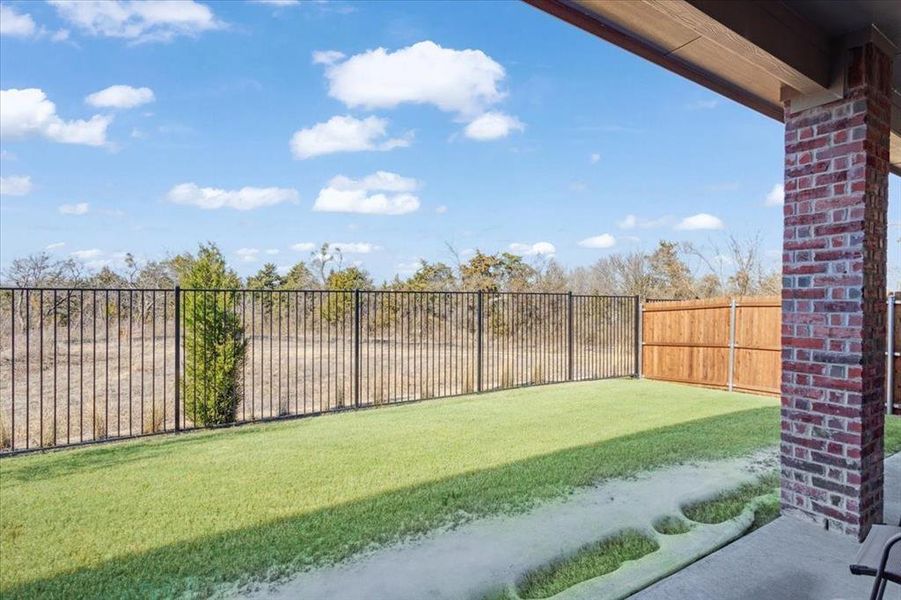 Exterior details and patio area of a home in Hurricane Creek, Anna (Image 27).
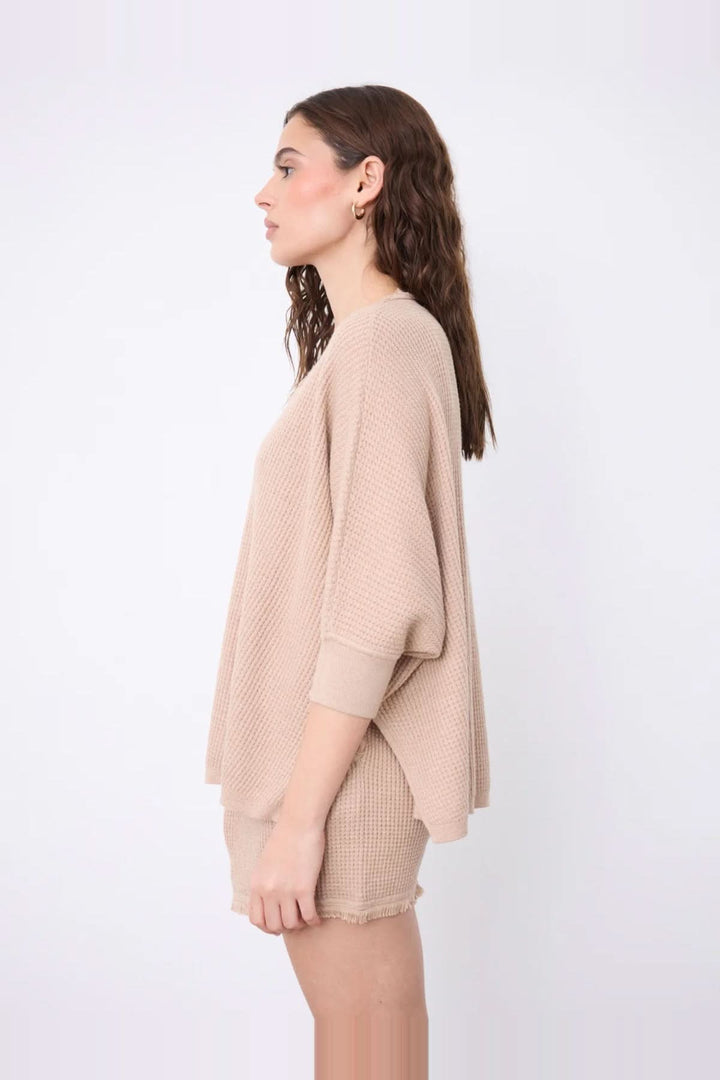 V-neck poncho sweater with three-quarter sleeves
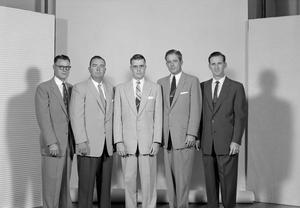 [Group of five men in formal attire]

→ **TASK**: Reproduce the listing above exactly, but skip the pictures.

→ **TASK ANSWER**:
 Exterior details and patio area of a home in Hurricane Creek, Anna (Image 27).
 V-neck poncho sweater with three-quarter sleeves
 [Group of five men in formal attire]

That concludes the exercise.